TRIBUNNEWS.COM, JAKARTA-Dua puluh tahun lamanya pelanggaran HAM dan intervensi kekuasaan yang menjadi simbol matinya demokrasi telah terjadi melalui peristiwa 27 Juli 1996.
"Penyelesaian kasus dimana pemerintahan yang berkuasa saat itu menggunakan alat negara dan mematikan demokrasi arus bawah dengan menyerang kantor PDI sebagai simbol kedaulatan politik Partai, hingga saat ini masih gelap," ungkap Sekjen DPP PDI Perjuangan Hasto Kristiyanto, usai diskusi terbatas penyelesain kasus 27 Juli 1996 di Kantor DPP PDIP di Jalan Diponegoro, Jakarta Pusat, Rabu, (27/7/2016).
"DPP PDI Perjuangan sesuai amanat Kongres IV akan terus berjuang terhadap penyelesaian pelanggaran demokrasi berat tersebut," lanjutnya.
Dalam kesempatan yang sama, Trimedya Panjaitan yang sejak awal konsisten memilih jalur hukum melalui Tim Pembela Demokrasi Indonesia (TPDI) menegaskan, penyelesain kasus tersebut terhenti di pengadilan koneksitas.
"DPP PDIP meminta bantuan Komnas HAM dan Lembaga Bantuan Hukum Indonesia untuk mempercepat penyelesain kasus penyalahgunaan kewenangan kekuasaan pemerintahan negara tersebut," ujar Trimedya Panjaitan, Ketua DPP PDIP Bidang Hukum dan HAM.
Sejumlah narasumber dari Komnas HAM, YLBHI dan pegiat HAM turut hadir dalam diskusi terbatas tersebut.
Diskusi juga dihadiri Alfons Kurnia Farma Ketua YLBHI.
Ketua Komnas HAM, M. Imdadun Rahmat, yang hadir didampingi komisioner Anshari, Sandra Moniaga menegaskan, terjadi pelanggaran HAM atas penyerbuan dan penyerangan kantor DPP PDI.
Yang membawa korban jiwa dan menunjukan adanya penyalahgunaan kekuasaan alat negara.
Komnas HAM menemukan bukti-bukti adanya perencanaan, dan upaya penyerangan dan pengambil-alihan secara paksa kantor Partai yang menjadi simbol demokrasi tersebut.

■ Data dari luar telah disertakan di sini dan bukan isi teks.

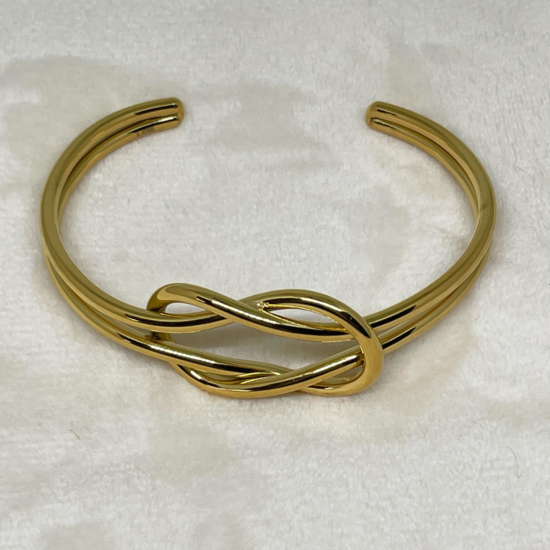 Knoop RVS goud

Hendardi yang dikenal vokal di dalam memperjuangkan penyelesaian pelanggaran HAM menegaskan bahwa konstruksi pengadilan koneksitas tidaklah tepat.
"Perlu desain penyelesaian kasus 27 Juli 1996 dengan mengunakan UU No 26 tahun 2000 tentang HAM. Supremasi hukum harus ditegakkan sebagai dasar bernegara guna menuntaskan berbagai kasus pelanggaran HAM," ujar Hendardi.